We use the Linux perf tool to profile system calls and events generated by container processes, Docker daemons, and host processes to quantify the performance effects of each system configuration. The container process executes deep learning workloads on a container based on a virtualized form. The Docker daemon is a process that handles Docker API requests and manages containers. Specifically, it builds, runs, and manages images, containers, and other Docker objects. The host process runs deep learning workloads directly on the host OS without virtualization. Table 5 shows basic event and system call traces extracted from the container process, Docker daemon, and host process. For system calls, the most frequently invoked events and their number of invocations are listed. As we see from this table, most system calls are related to memory allocation and I/Os. In terms of CPU performance, running workloads in Docker containers increases CPU cycles by approximately 50% compared to running workloads directly on the host machine. As we can see, the pure container overhead caused by the daemon process is not significant, but various inefficiencies resulting from the addition of a layer of containers increase the overhead.

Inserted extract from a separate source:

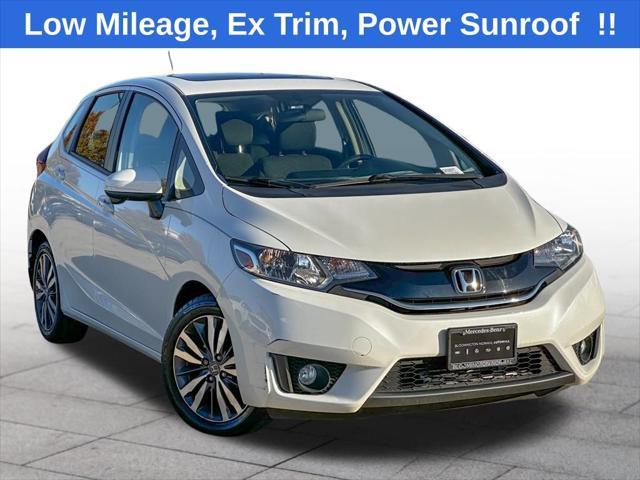 2016 Honda FIT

When analyzing block-related system calls in the container environment, we observe a significant number of block_rq_insert events. In particular, by analyzing the call graphs associated with these events in Table 6, we see that there is a significant number of write-back operations due to dirty pages within the container. This sync process flushes all dirty pages to storage, causing write-back operations to wait for the flush.

We also measure page-faults and swaps occurring on the container-based and host systems. As can be seen in Table 5, the number of page-faults in the container-based system is more than twice that of the host system. There are two types of page-faults: major faults, which involve swap I/O, and minor faults, which can be handled by kernel mapping without storage access [30]. The increased number of page-faults in container-based systems suggests that containers may be more susceptible to I/O performance problems than traditional OSs. This is because containers share the file system and host OS, which can lead to contention and fragmentation. This results in poor performance and increased I/O load in container-based systems. To alleviate the performance degradation of page swapping, it is important to carefully manage the memory management algorithms allocated to containers. For example, it should be ensured that containers have sufficient memory and do not execute workloads that are known to generate a lot of page-faults. Also, it is necessary to generate different container runtimes to provide better isolation from the host system.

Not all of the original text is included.